2.2 Terminology and Notation
We will focus on equations of the form \[\dot{x} = f(x,t,\mu), \quad x\in U\subset{\mathbb R}^n, \quad t\in{\mathbb R}, \quad \mu\in V\subset{\mathbb R}^p. \tag{2.1}\] Here, the over-dot refers to differentiation with respect to the independent variable, \(t\), \(x\) is our vector of dependent variables, and \(\mu\) is a vector of model parameters.
By a solution to Equation 2.1 we mean a differentiable function \(\phi\) from some interval of time, \(I \subset {\mathbb R}\), into \({\mathbb R}^n\) such that \(\dot{\phi}(t) = f(\phi(t),t,\mu)\). Geometrically, \(\phi\) is a curve in \({\mathbb R}^n\) parameterized by \(t\) and tangent to the vector \(f\) at each point. We will refer to \(U\), or \({\mathbb R}^n\), as the state space (or sometimes phase space) of the system, and \(f:U\to{\mathbb R}^n\) as a vector field on \(U\) (or sometimes direction field). Note, when convenient, we will use \(x\) to denote the solution instead of introducing \(\phi\) or another new symbol. Most often it is clear from context whether \(x\) is referring to a point in state space, or a curve through state space parameterized by \(t\).

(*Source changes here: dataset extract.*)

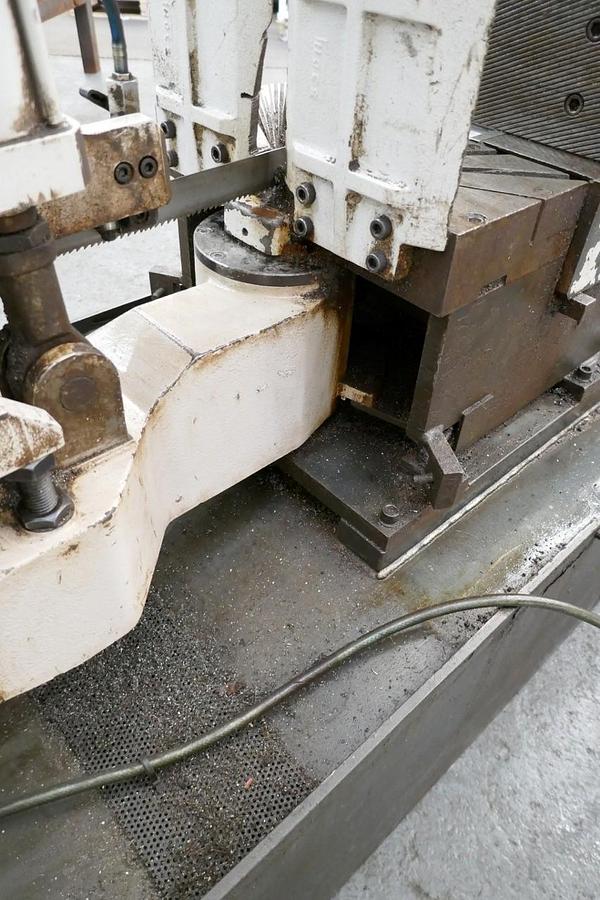 Used MACC 420 DI Horizontal Semi-Automatic Double Mitre Bandsaw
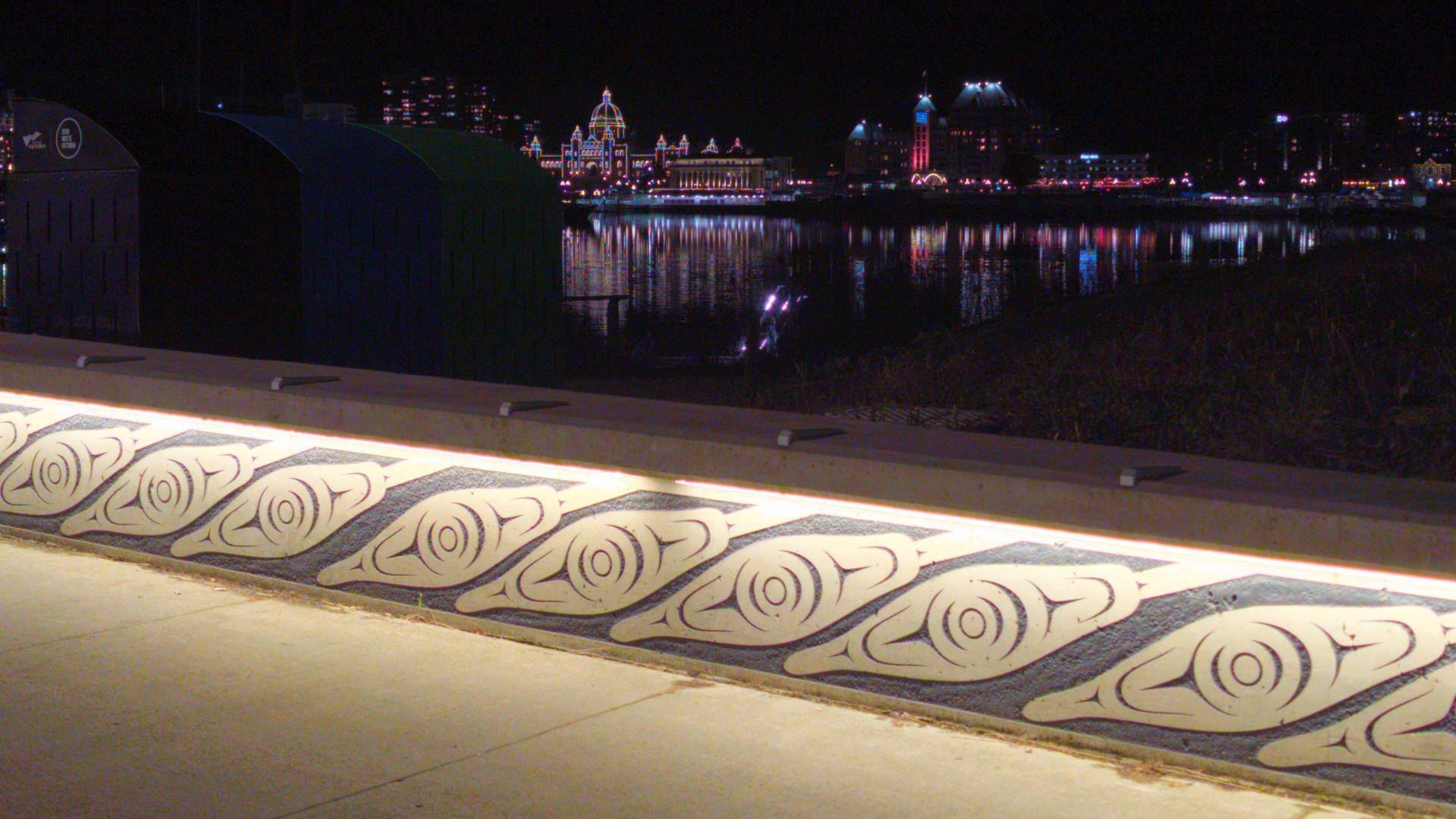 Journey motif sculpture by Dylan Thomas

We use \(\phi(t,t_0,x_0)\) to denote the solution passing through the point \(x_0\) at time \(t_0\), If we are also interested in the dependence on the parameters, we will use \(\phi(t,t_0,x_0,\mu)\), or if we are only interested in the dependence of the solution on the parameters, \(\phi(t,\mu)\). If the initial time is clear from the problem, usually when \(t_0=0\), then we will use \(\phi(t,x_0)\) or \(\phi(t,x_0,\mu)\).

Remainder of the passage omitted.